In the second image I got some feedback from the ldd xhpl and also have my 
HPL.dat shown with p and q equal to 2. Like I said, running with that HPL.dat 
and

mpiexec -machinefile ~/machinefile -n 4 xhpl

it just gives me the same error

 

Thank you for responding so quickly by the way :) you guys are a live saver.

 

-Lanze

 

From: users [mailto:users-boun...@open-mpi.org] On Behalf Of Gilles Gouaillardet
Sent: Tuesday, May 26, 2015 10:08 PM
To: Open MPI Users
Subject: Re: [OMPI users] Running HPL on RPi cluster, seems like MPI is somehow 
not configured properly since it work with 1 node but not more

 

First you can run
mpirun -machinefile ~/machinefile -np 4 -tag-output xhpl

if all tasks report they believe they are task 0, then this is the origin of 
the problem.

then you can run
ldd mpirun
ldd xphl
they should use the same mpi flavor

then
mpirun -machinefile ~/machinefile -np 4 -tag-output ldd xhpl

and make sure xhpl use the very same mpi flavor all the nodes


HPL make process can be error prone, especially if you modify some config file 
/ arch in the middle.
a simple option is to rebuild xhpl from scratch and with OpenMPI

you can also post your HPL.dat and i will have a look

Cheers,

Gilles

On 5/27/2015 10:38 AM, Heerdt, Lanze M. wrote:

I have run a hello world program for any number of processes. If I say “–n 16” 
I get 4 responses from each node saying “Hello world! I am process (0-15) of 16 
on RPI-0(1-4)” so I know the cluster Can work how I want it to. I also tested 
with just normal hostname and I see the names of each of the 4 Pis as a 
response.

 

As a response to the illegal entry in HPL.dat, that doesn’t really make much 
sense since I run it just fine with p =1 and q =1, it only says that when I 
change p and q to 2, which I know is not an illegal entry

 

From: users [mailto:users-boun...@open-mpi.org] On Behalf Of Gilles Gouaillardet
Sent: Tuesday, May 26, 2015 8:14 PM
To: Open MPI Users
Subject: Re: [OMPI users] Running HPL on RPi cluster, seems like MPI is somehow 
not configured properly since it work with 1 node but not more

 

At first glance, it seems all mpi tasks believe they are rank zero and comm 
world size is 1 (!)

Did you compile xhpl with OpenMPI (and not a stub library for serial version 
only) ?
can you make sure there is nothing wrong with your LD_LIBRARY_PATH and you do 
not mix MPI librairies
(e.g.

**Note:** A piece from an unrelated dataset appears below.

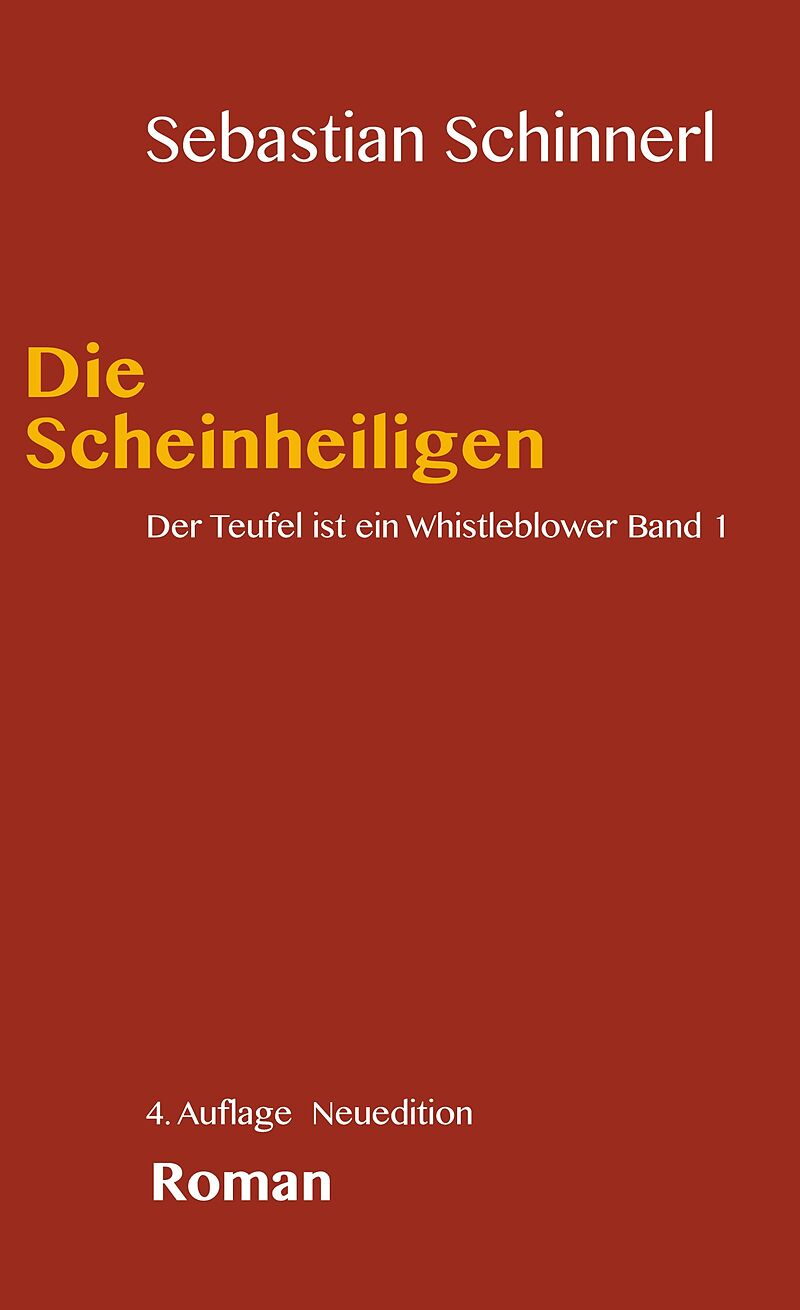 Der Teufel ist ein Whistleblower 1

OpenMPI mpirun but xhpl ends up using mpich, or the other way around)

As already suggested by Ralph, i would start by running a hello world program
(just print rank and size to confirm it works)

Cheers,

Gilles



On 5/27/2015 8:42 AM, Ralph Castain wrote:

I don't know enough about HPL to resolve the problem. However, I would suggest 
that you first just try to run the example programs in the examples directory 
to ensure you have everything working. If they work, then the problem is 
clearly in the HPL arena.

 

I do note that your image reports that you have an illegal entry in HPL.dat - 
if the examples work, you might start there.

 

 

On Tue, May 26, 2015 at 12:26 PM, Heerdt, Lanze M. <heerdt...@gcc.edu> wrote:

I realize this may be a bit off topic, but since what I am doing seems to be a 
pretty commonly done thing I am hoping to find someone who has done it 
before/can help since I’ve been at my wits end for so long they are calling me 
Mr. Whittaker.

 

I am trying to run HPL on a Raspberry Pi cluster. I used the following guides 
to get to where I am now:

http://www.tinkernut.com/2014/04/make-cluster-computer/

http://www.tinkernut.com/2014/05/make-cluster-computer-part-2/

https://www.howtoforge.com/tutorial/hpl-high-performance-linpack-benchmark-raspberry-pi/#comments

and a bit of: https://www.raspberrypi.org/forums/viewtopic.php?p=301458#p301458 
when the above guide wasn’t working

 

basically when I run: “mpiexec -machinefile ~/machinefile -n 1 xhpl” it works 
just fine

but when I run “mpiexec -machinefile ~/machinefile -n 4 xhpl” it errors with 
the attached image. (if I use “mpirun…” I get the exact same behavior)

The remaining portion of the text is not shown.